RISK ANALYSIS OF MAJOR ENGINEERING GEOLOGICAL HAZARDS FOR SICHUAN-TIBET RAILWAY IN THE PHASE OF FEASIBILITY STUDY

The Sichuan-Tibet Railway is the most challenging railway project ever in the world. The project region is characterized by various adverse geological conditions including active tectonic movement, intensive mega faults, abrupt topographic relief and frequent geological disasters. Therefore, the construction of this project is challenged by complex geological disaster risks from both ground surface and underground. This study comprehensively and quantitatively analyzes the ground surface and underground geological risks along the Sichuan-Tibet Railway, and further evaluates their consequential influences on the project so as to support its feasibility study. The risk analysis utilizes abundant spatial-temporal data, and various approaches including three-dimensional structure modeling, numerical modeling, statistical modeling, dynamic modeling, time series modeling and spatial distribution modeling.
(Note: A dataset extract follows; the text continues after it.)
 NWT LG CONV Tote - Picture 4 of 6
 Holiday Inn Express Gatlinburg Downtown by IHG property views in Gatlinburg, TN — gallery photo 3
The results show that there are three areas concentrated with high ground surface geological hazards risk along the Sichuan-Tibet railway, namely the Xianshuihe fault zone, the Jinshajiang fault zone and the eastern Himalayan syntaxis area. However, ground surface engineering risks of this project are significantly reduced, because its underground tunnels are over 80% of the total railway line length. The universal quantitative risk assessment models are developed for major underground engineering geological risks, including fault activities, rock bursts and large deformations. For several major tunnels such as the Yigong tunnel, risks of typical individual underground geological hazards(e.g. rock burst and large deformation) as well as the integrated risk, are quantitatively evaluated. The results show that both surface and subsurface engineering risks are significant and can threaten the safety of project. This study provides a scientific and technical support for the feasibility study of the Sichuan-Tibet Railway, and is also expected to be a reference for major engineering geological risk control for similar line engineering projects around the world.